Mouthwatering Gluten-Free Cinnamon Swirl Cake

Ingredients

Dough

  • 2 cups almond/rice milk
  • 35 g fresh yeast or 2 sachets dry yeast
  • 1 tsp salt
  • 1 tbsp cardamom
  • 1/2 tsp vanilla bean powder
  • 1/4 cup coconut sugar or erythritol
  • 3 tbsp maple syrup
  • 2 cups gluten free all purpose flour
  • 1/2 cup almond flour
  • 1/2 tsp xanthan gum
  • 1 tbsp psyllium
  • 5 tbsp melted coconut oil or firm butter
  • 0-1/2 cup tapioca starch if the dough is too sticky

Cinnamon swirls

  • 15 pitted and soaked medjools
  • 3 tbsp coconut oil
  • 2 tsp cinnamon powder
  • pinch of salt
  • 1 tbsp coconut flour

Preparation

  1. Use lukewarm milk and add the yeast to your baking bowl then blend until dissolved.

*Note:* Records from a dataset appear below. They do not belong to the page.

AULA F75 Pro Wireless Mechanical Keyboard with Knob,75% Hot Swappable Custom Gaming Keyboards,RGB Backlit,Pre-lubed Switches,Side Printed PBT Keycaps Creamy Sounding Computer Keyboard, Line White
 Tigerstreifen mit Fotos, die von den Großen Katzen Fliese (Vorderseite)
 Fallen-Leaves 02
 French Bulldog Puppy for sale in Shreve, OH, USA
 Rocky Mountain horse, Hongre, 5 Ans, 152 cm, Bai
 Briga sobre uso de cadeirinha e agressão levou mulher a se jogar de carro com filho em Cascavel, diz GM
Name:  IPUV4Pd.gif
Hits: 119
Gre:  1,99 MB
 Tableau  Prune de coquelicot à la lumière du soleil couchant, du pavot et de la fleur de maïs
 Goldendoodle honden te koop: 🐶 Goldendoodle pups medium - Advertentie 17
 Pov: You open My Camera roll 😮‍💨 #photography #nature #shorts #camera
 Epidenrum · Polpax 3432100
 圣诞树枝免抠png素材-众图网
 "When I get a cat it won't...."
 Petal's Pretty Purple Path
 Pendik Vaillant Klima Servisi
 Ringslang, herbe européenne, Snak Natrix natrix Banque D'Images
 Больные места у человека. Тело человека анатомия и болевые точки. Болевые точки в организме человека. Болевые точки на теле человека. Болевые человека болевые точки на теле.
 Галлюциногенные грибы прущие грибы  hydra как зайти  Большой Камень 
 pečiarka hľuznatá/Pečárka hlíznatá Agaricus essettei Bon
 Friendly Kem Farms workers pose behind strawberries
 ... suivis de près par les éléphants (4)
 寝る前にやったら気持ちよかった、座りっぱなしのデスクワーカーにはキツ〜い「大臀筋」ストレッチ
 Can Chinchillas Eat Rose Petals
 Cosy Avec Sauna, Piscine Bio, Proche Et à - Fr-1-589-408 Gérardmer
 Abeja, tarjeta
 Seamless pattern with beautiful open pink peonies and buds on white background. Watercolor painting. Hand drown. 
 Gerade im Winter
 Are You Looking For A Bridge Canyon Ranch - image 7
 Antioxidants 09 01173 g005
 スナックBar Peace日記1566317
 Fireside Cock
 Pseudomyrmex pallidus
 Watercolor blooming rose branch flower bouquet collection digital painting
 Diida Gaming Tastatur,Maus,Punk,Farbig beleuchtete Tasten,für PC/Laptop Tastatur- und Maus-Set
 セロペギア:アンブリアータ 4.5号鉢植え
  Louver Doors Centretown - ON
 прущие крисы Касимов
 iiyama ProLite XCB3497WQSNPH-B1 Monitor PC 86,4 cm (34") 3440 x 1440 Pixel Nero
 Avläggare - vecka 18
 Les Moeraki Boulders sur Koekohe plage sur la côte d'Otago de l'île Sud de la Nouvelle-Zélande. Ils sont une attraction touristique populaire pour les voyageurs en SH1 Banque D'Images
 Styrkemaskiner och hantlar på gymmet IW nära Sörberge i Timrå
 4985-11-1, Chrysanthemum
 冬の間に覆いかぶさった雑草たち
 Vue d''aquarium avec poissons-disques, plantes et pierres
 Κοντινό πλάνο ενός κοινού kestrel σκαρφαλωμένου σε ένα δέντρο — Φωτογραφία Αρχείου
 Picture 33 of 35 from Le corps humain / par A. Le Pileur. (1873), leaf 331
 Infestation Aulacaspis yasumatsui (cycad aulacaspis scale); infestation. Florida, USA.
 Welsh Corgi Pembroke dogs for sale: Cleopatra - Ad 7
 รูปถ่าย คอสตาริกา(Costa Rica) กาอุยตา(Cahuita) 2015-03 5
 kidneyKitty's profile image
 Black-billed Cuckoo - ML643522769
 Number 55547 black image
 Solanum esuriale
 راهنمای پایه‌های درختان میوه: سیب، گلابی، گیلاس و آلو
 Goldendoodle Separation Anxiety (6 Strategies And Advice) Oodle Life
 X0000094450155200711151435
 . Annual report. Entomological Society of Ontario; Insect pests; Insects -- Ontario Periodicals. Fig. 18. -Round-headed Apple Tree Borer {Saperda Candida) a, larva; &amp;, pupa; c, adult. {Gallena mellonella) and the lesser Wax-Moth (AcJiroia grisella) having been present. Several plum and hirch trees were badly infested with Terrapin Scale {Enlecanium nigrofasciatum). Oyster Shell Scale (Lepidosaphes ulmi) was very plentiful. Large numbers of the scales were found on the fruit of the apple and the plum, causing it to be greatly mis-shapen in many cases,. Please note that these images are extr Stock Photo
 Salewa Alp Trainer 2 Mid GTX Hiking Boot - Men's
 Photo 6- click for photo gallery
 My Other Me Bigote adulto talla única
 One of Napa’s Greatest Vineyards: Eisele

  2. Add salt, cardamom, vanilla, coconut sugar and maple syrup and give a little whisk.

  3. Mix xanthan and psyllium into flours.

  4. Start adding flour to the previous mixture.

  5. Add the oil or butter.

  6. Blend the dough thoroughly until the dough feels soft and smooth.

  7. Blend everything for the cinnamon swirls with a stick blender until smooth.

  8. Put the dough into a baking tray.

  9. Place the dough in turns with the cinnamon/medjool paste into the tray and make swirls to get a marbled look.

  10. Optionally, use cashew butter to make tastier swirls.

  11. Brush the cake with a beaten egg or maple syrup thinned with water, but it’s not necessary.

  12. Let the cake rise for half an hour.

  13. Bake in 180°C for 20-25 minutes.

  14. After cooling, add cashew butter and raw chocolate on top for extra flavor.